WORK ORDER: Starting at the line with "Room, Triple, 3" and ending at the line with "925 Sterling Silver", print exactly the lines of the entries below. Pictures do not belong in the copy.

RECORDS PROVIDED:
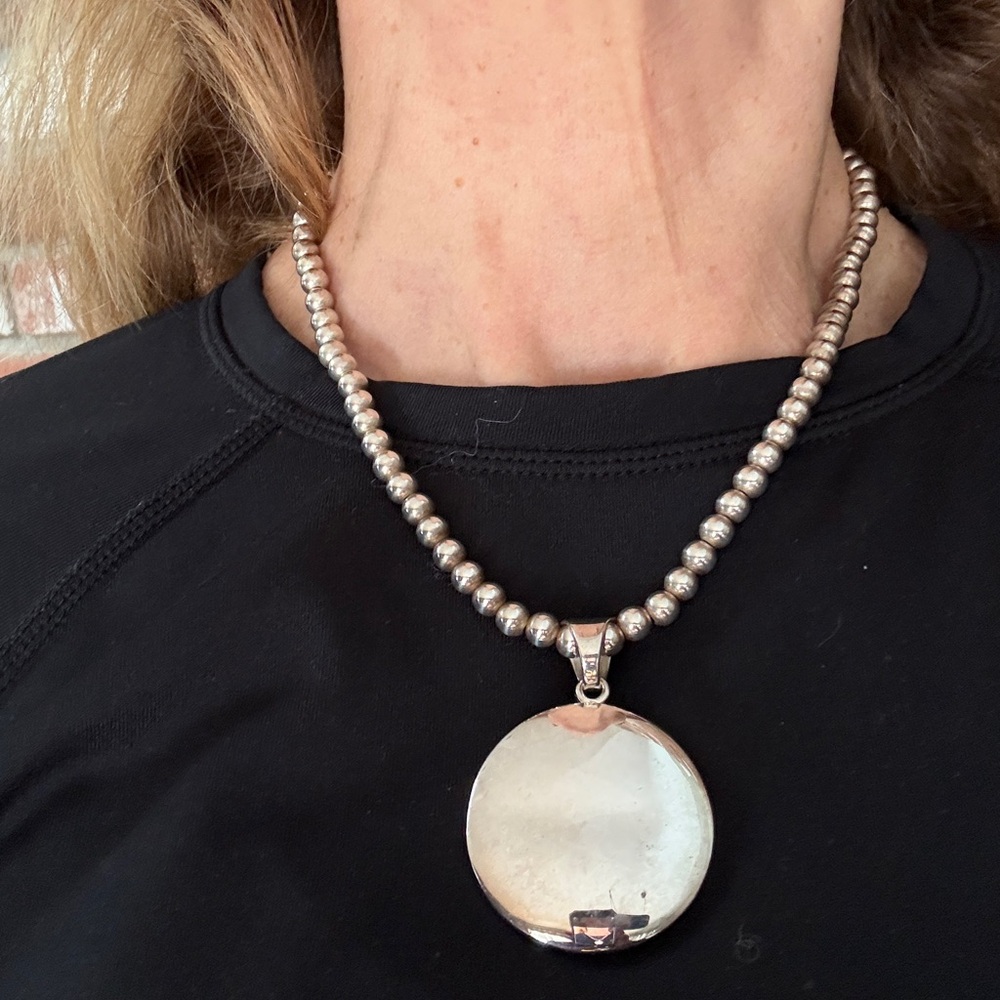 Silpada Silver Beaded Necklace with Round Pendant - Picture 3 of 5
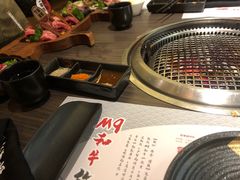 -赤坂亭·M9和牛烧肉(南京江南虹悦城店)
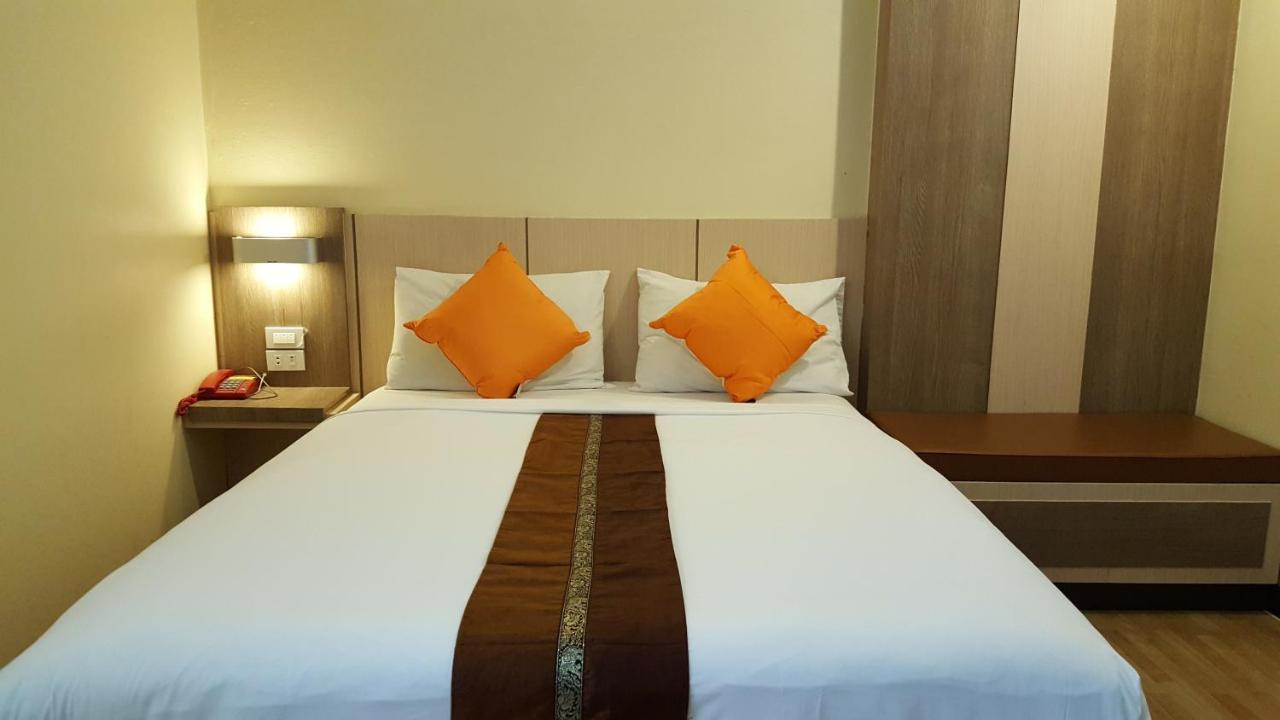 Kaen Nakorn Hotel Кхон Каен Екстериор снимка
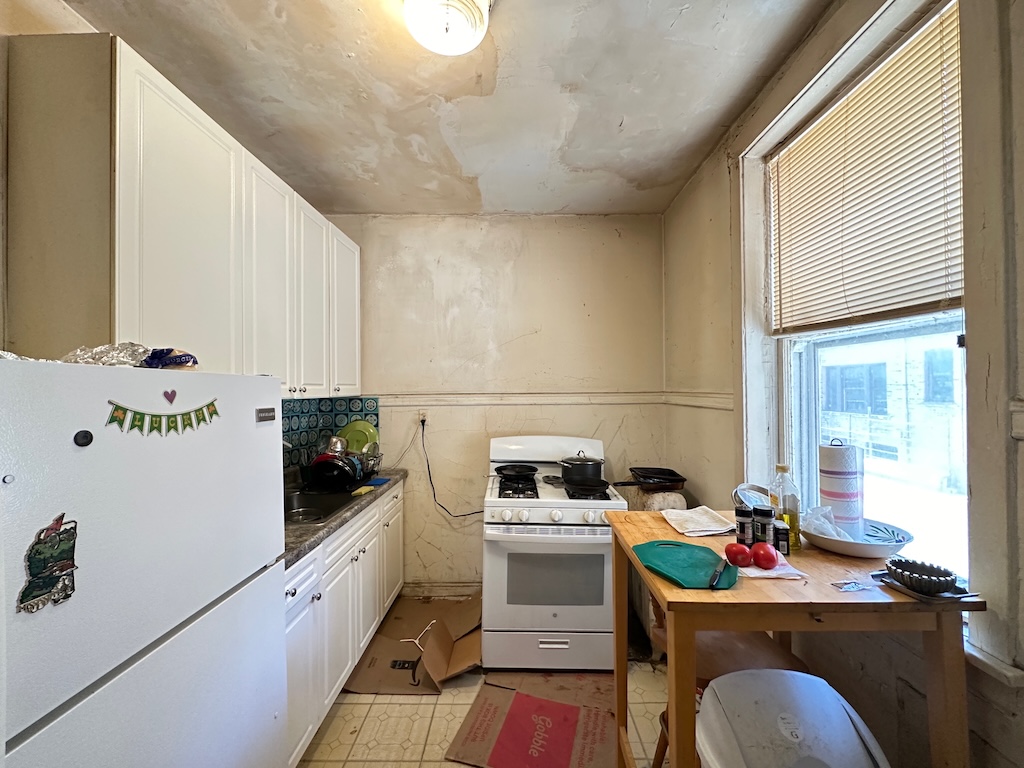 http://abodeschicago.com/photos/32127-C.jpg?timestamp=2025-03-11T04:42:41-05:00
...
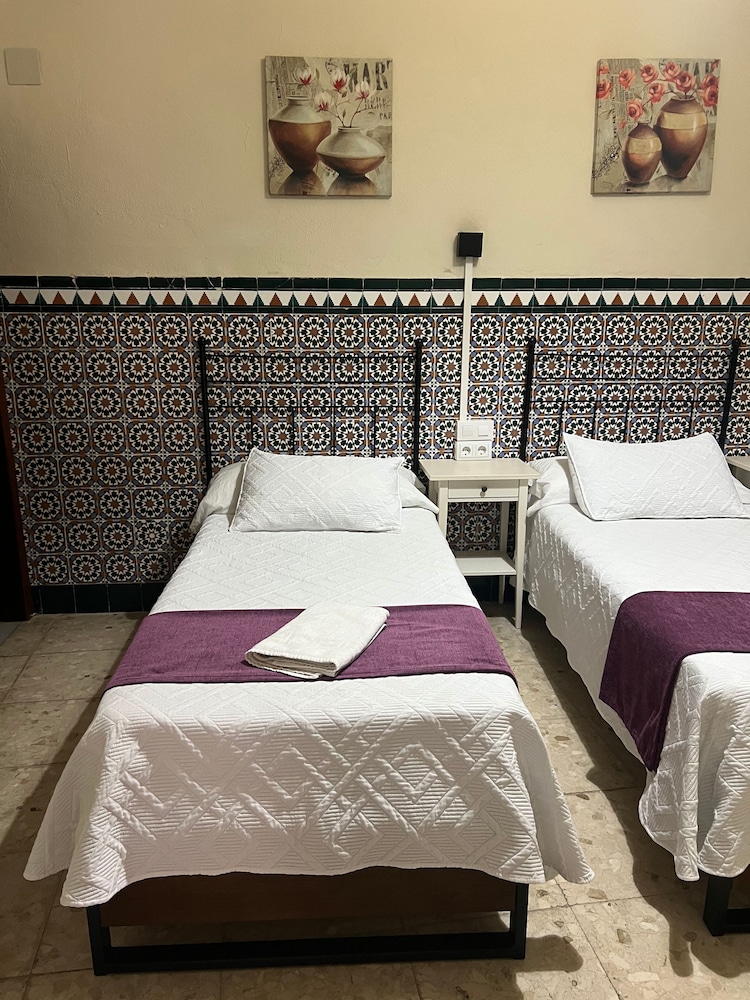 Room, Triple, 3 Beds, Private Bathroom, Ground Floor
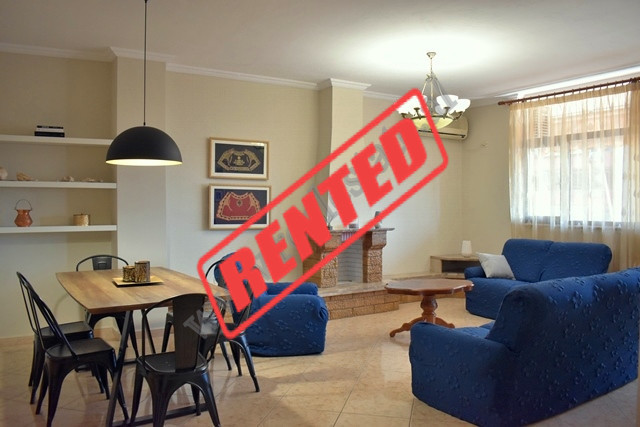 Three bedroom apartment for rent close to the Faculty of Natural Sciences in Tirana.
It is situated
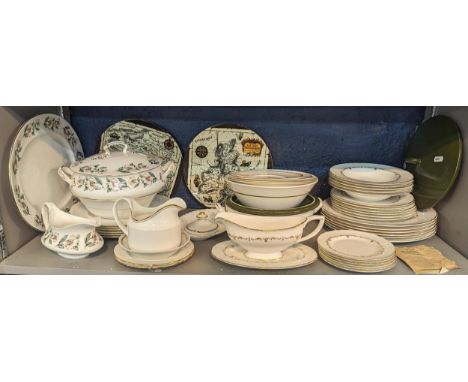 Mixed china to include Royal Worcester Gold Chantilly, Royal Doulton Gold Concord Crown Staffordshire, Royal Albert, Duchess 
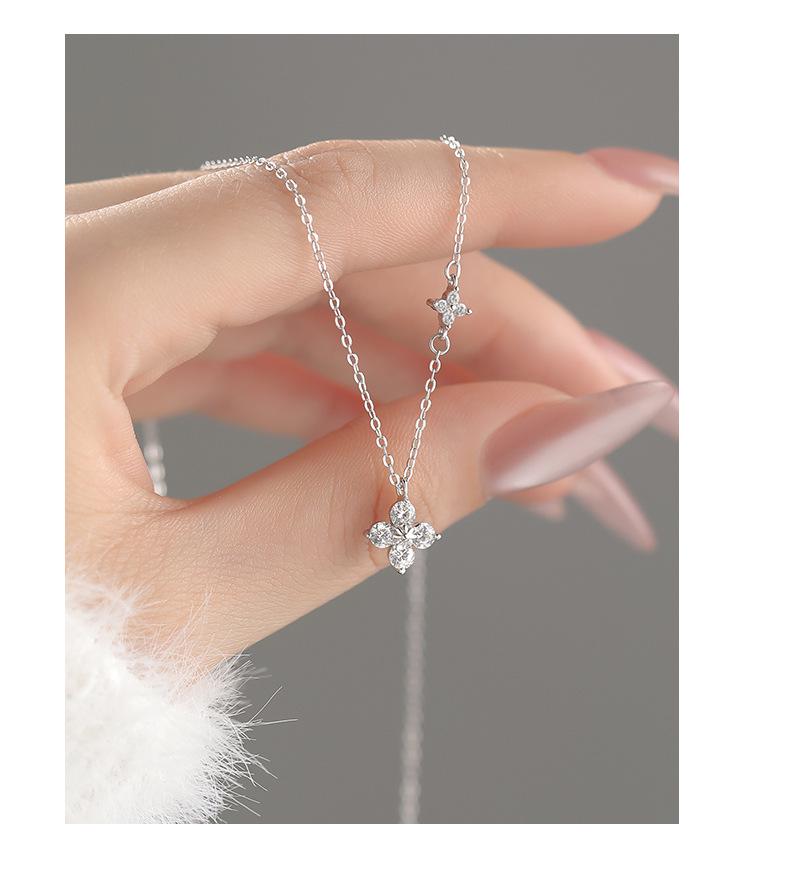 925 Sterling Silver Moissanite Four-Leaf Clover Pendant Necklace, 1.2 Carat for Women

THE COMPLETED TASK:
 Room, Triple, 3 Beds, Private Bathroom, Ground Floor
 Three bedroom apartment for rent close to the Faculty of Natural Sciences in Tirana.
It is situated
 Mixed china to include Royal Worcester Gold Chantilly, Royal Doulton Gold Concord Crown Staffordshire, Royal Albert, Duchess 
 925 Sterling Silver Moissanite Four-Leaf Clover Pendant Necklace, 1.2 Carat for Women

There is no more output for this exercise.